The Company’s principal sources of liquidity have been cash generated from operating activities, proceeds from the IPO, which was completed on December 19, 2019, as well as short-term and long-term borrowings from third parties or related parties. As of the date of issuance of the consolidated financial statements, the Company has approximately $6.48 million of cash and cash equivalents, which are unrestricted as to withdrawal or use and are placed with financial institutions. In addition, the Company expects to have the continued financial support of its significant shareholders in fulfilling its capital requirements. The Company also notes that other sources of financing alternatives are at its disposal, such as a commercial lending that has been available to the Company in the past in the amount of $1 million. The Company expects to fund any shortfall in cash requirements through bank debt with banks in Indonesia with which the Company has pre-existing relationships. The Company will focus on improving operational efficiency and cost reductions, developing its core cash-generating business and enhancing efficiency. The Company intends to meet its cash requirements for the 12 months following the issuance of the accompanying unaudited consolidated financial statements through operations and financial support from third parties and related parties, if needed.
The Company believes that the Company’s current cash and cash equivalents and anticipated cash flows from operating and financing activities will be sufficient to meet its anticipated working capital requirements and commitments for at least the next 12 months after the issuance of the Company’s accompanying unaudited consolidated financial statements. The Company has prepared the consolidated financial statements on a going concern basis. If the Company encounters unforeseen circumstances that place constraints on its capital resources, management will be required to take various measures to conserve liquidity. Management cannot provide any assurance that the Company will raise additional capital if needed.

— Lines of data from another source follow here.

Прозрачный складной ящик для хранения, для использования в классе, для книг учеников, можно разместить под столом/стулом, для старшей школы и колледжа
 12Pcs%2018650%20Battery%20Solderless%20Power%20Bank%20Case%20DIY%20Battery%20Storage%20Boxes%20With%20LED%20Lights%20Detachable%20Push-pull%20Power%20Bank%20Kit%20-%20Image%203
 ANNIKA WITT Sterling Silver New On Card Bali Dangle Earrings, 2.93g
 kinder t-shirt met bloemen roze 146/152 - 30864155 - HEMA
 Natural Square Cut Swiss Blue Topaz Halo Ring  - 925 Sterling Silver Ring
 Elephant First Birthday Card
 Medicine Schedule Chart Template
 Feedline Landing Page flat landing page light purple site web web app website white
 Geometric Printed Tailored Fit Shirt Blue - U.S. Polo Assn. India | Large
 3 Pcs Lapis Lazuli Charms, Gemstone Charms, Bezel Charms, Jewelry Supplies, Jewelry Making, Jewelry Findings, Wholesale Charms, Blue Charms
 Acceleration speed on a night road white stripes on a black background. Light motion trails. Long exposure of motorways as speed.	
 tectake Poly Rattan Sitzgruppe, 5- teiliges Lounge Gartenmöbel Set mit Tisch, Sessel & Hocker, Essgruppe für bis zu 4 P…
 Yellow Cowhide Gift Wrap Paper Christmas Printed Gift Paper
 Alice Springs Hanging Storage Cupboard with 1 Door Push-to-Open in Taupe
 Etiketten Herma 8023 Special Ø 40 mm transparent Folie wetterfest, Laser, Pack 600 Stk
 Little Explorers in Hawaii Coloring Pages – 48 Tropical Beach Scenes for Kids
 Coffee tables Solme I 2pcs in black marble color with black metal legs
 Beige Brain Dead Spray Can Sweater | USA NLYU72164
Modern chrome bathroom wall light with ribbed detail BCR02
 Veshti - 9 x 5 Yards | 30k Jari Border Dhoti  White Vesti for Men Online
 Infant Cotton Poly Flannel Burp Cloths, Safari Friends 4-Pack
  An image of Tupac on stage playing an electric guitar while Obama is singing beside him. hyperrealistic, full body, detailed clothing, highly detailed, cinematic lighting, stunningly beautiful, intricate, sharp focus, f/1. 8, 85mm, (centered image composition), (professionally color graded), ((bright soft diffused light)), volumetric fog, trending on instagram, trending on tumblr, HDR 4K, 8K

NOTE14 – SUBSEQUENT EVENTS
On January 22, 2021, the board of directors of the Company appointed Michael L. Peterson as a director and member of the Board. The appointment of Mr. Peterson to the Board was necessary to fill a vacancy on the Board created by the January 19, 2021 voluntary resignation, for personal reasons, of Roderick de Greef as a director.
The Company evaluated all events that occurred subsequent to June 30, 2020 through the issuance of the consolidated financial statements, and no other subsequent event was identified.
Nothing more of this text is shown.